Task prompt: Set down exactly the lines in the records below that run from the line with "Luxury Apartment for" to the line with "Used 2023 Toyota", inclusive, and nothing more.

Segment Start: Source material

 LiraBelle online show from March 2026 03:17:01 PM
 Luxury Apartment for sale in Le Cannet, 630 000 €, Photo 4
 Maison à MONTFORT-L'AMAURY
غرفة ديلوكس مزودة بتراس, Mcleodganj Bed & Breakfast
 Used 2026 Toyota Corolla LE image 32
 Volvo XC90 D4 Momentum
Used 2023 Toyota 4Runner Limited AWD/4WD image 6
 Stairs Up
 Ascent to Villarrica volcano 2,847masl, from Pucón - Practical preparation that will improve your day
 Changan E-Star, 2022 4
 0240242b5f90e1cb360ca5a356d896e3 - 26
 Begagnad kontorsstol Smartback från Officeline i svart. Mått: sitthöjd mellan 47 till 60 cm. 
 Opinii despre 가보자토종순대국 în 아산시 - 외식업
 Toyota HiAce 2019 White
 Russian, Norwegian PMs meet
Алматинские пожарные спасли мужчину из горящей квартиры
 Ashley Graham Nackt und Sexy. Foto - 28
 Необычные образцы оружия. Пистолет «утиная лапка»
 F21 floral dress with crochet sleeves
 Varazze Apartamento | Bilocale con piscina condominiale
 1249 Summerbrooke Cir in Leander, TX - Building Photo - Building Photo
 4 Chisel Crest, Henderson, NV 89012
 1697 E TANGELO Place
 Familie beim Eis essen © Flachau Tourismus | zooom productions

Segment End: Source material

Answer space:
 Luxury Apartment for sale in Le Cannet, 630 000 €, Photo 4
 Maison à MONTFORT-L'AMAURY
غرفة ديلوكس مزودة بتراس, Mcleodganj Bed & Breakfast
 Used 2026 Toyota Corolla LE image 32
 Volvo XC90 D4 Momentum
Used 2023 Toyota 4Runner Limited AWD/4WD image 6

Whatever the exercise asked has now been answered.